Dispatch from the colony of
New South Wales, Australia 1854


Almost Vegetarian said...

Yours is one of those sites I trip across again and again, always greeting it as an old friend.

Always fascinating, often fun (sometimes revolting - how could anyone eat that?!), it is a delight.


The Old Foodie said...

Thanks Almost Vegetarian - I am glad you enjoy my blog - I try to keep the stories varied - different things appeal to different people. Please keep coming back, and leaving comments!

Anonymous said...

This made me smile, as I have such fond memories of damper. Perhaps it is because love is as good a seasoning as hunger. I have always been so in love with the romance of the bush that every time I've had a chance to have a bit of damper, especially if it's with billy tea by the side of a campfire in the outback, I've been overwhelmed by delight. I shall admit that the first time I had damper it was on a tour -- at Jondaryan woolshed in Queensland. But the second time I had it was at a bush camp in the Northern Territory. I've also sampled the damper prepared by an Aboriginal guide at Ross River Homestead. But my favorite dampers have always been those I had in wild places, feeling connected to history and the tales that still seem to whisper to me in the bush.

Barbara said...

Too funny Janet.

Shay said...

It is possible that Americans feel the same way about "riz" biscuits. I have yet to meet an American past second generation who is not nuts about baking powder biscuits although for most of us they come from a can or a freezer bag.

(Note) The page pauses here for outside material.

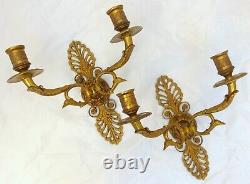 Antique 2x French Empire Pair Sconces RARE Swans Wall Light Gilded Bronze 1900
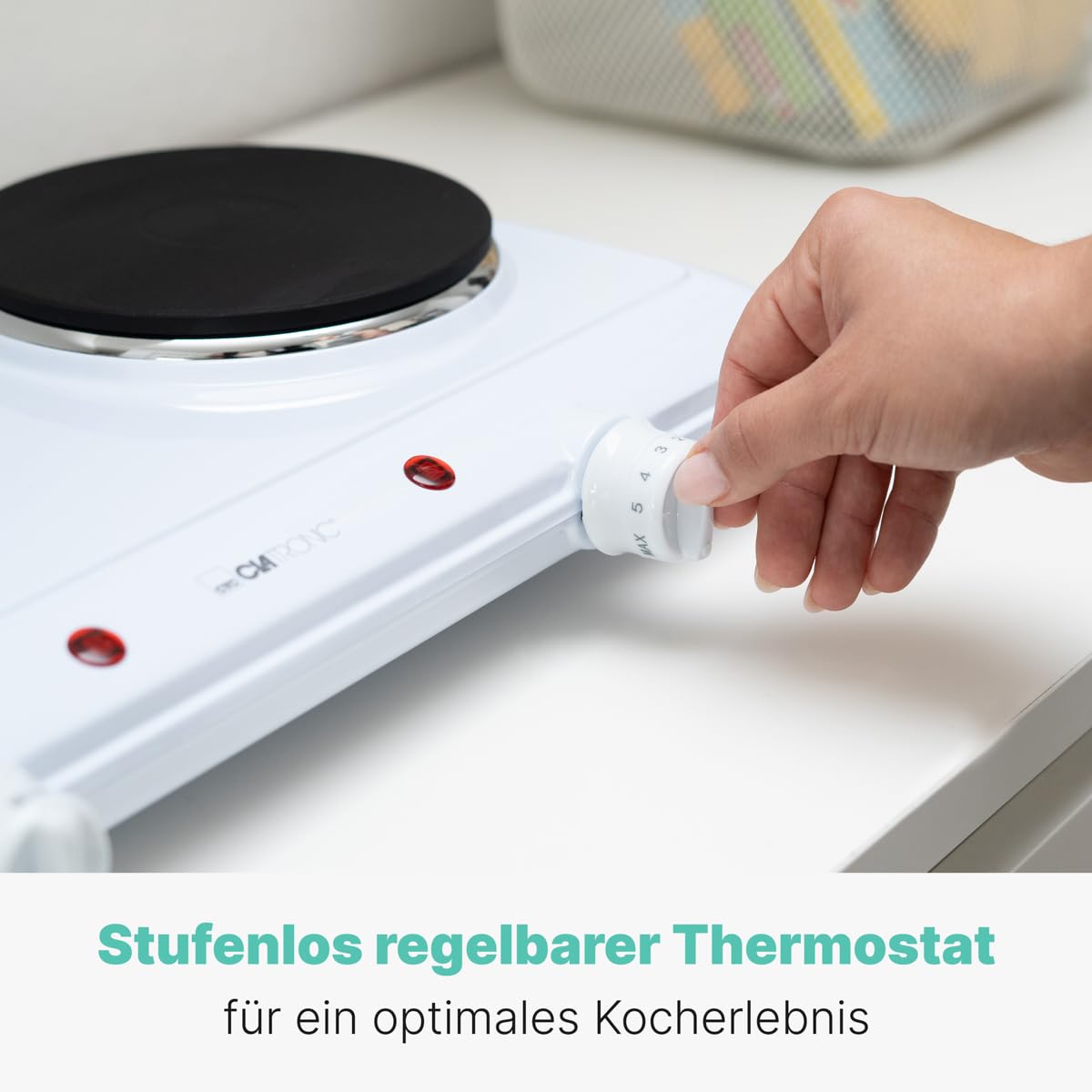 Clatronic® double plaque de cuisson pour le camping, la cuisine ou le bureau | 2 plaques Ø env. 180mm & 150mm | thermostat réglable en continu | laque résistante à la chaleur | DKP 3583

(until several years ago the most popular brand came in a container consisting of a metal disk on each end and a wrapper of heavy paper around the actual biscuits. To get the biscuits out, one pulled back one corner of the paper and hit the container sharply against the kitchen counter. The container would pop open with a loud crack. Nowadays they have modified the packaging and one only has to peel the paper away. These biscuits are still known, at least in my family, as "whomp" biscuits.)

Despite the fact that good baking powder biscuits are ridiculously easy to make, very few Americans have tasted the from-scratch kind.

I have been married for almost 25 years with rarely a ripple to disturb the pond of our marital harmony; and I attribute this to the fact that I make baking powder biscuits several times a week.

The US equivalent of damper would be johnnycake rather than biscuits, however, since biscuits call for shortening and baking powder while johnnycake is just cornmeal and water.

The Old Foodie said...

Hello Shay - I find the hassle of supermarket shopping much greater than making things from scratch (I know the ingredients have to be bought, but if you keep the pantry well-stocked it is not a problem). Why is it that people have stopped making even the simple things?

Andrew said...

Damper sounds like what we used to call "Bannock" which was made when camping. It was just flour and water mixed into a dough, then wrapped around sticks and cooked over the glowing coals of the campfire. The result was something like a pretzel, at least to our canoe-trip appetites.

In response to Shay's biscuit remarks, baking powder biscuits are a great entrée into baking for young children. We found our (then) 4-yr old daughter's touch was light enough to allow them to rise dramatically. Proving that biscuits are easy to make, but finicky to make expertly.